EXERCISE GOAL:
Each line below must be reproduced exactly as it stands. Pictures stay out of the copy.

THE DATA:
┌──

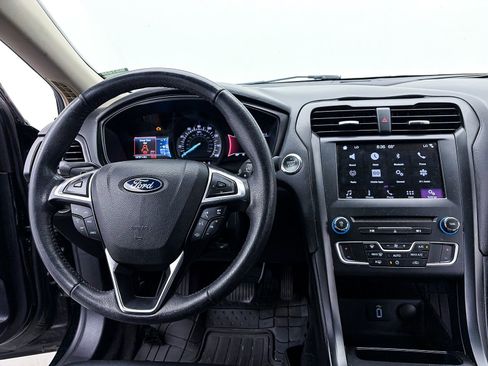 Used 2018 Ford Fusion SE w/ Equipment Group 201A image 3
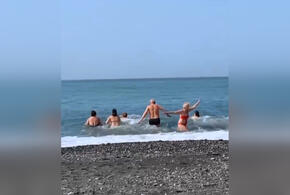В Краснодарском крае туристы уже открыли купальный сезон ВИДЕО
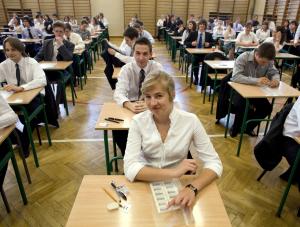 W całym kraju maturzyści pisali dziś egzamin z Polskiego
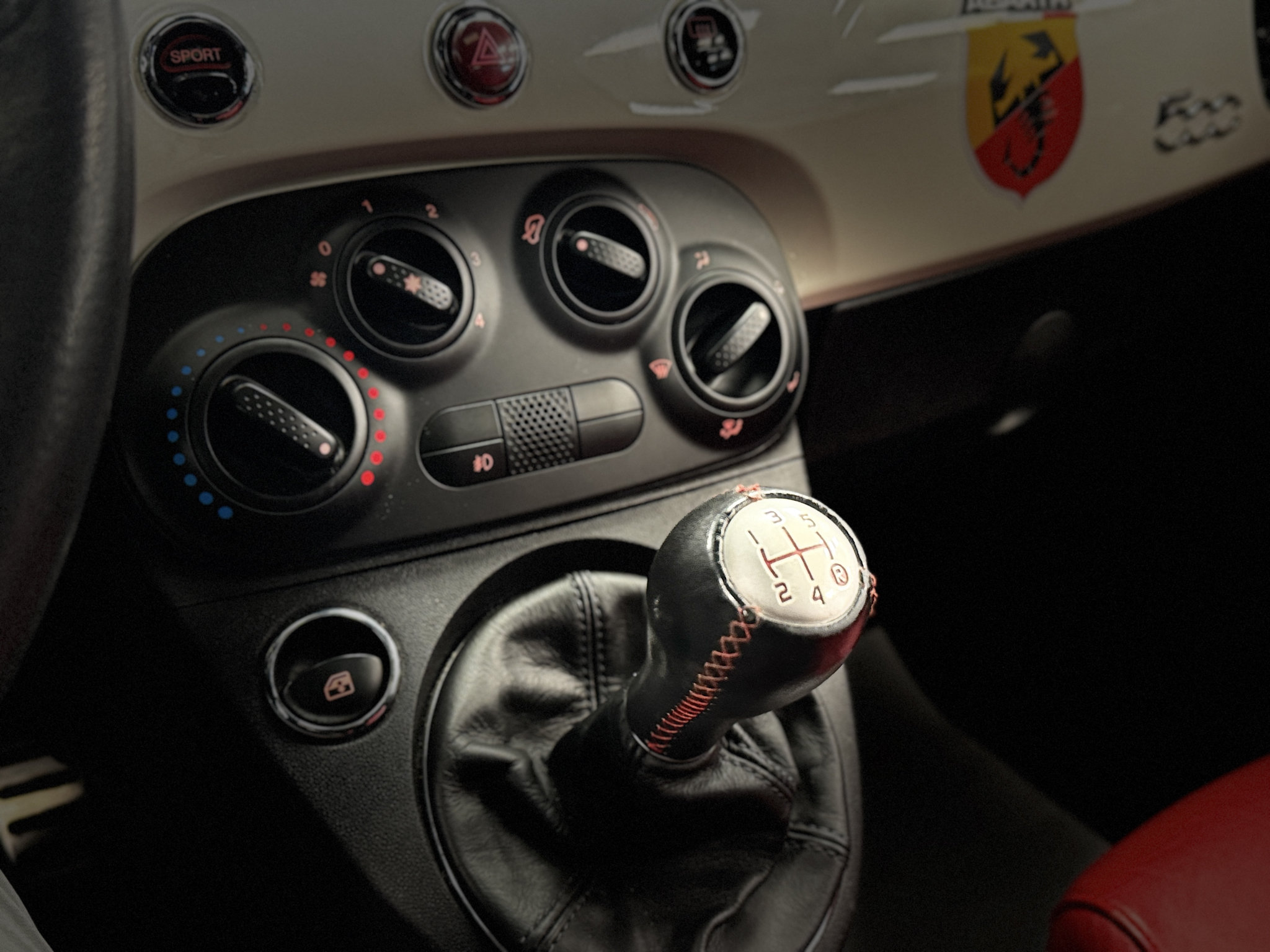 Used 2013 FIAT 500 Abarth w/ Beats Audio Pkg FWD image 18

└──

ANSWER TO THE EXERCISE:
 Used 2018 Ford Fusion SE w/ Equipment Group 201A image 3
В Краснодарском крае туристы уже открыли купальный сезон ВИДЕО
 W całym kraju maturzyści pisali dziś egzamin z Polskiego
 Used 2013 FIAT 500 Abarth w/ Beats Audio Pkg FWD image 18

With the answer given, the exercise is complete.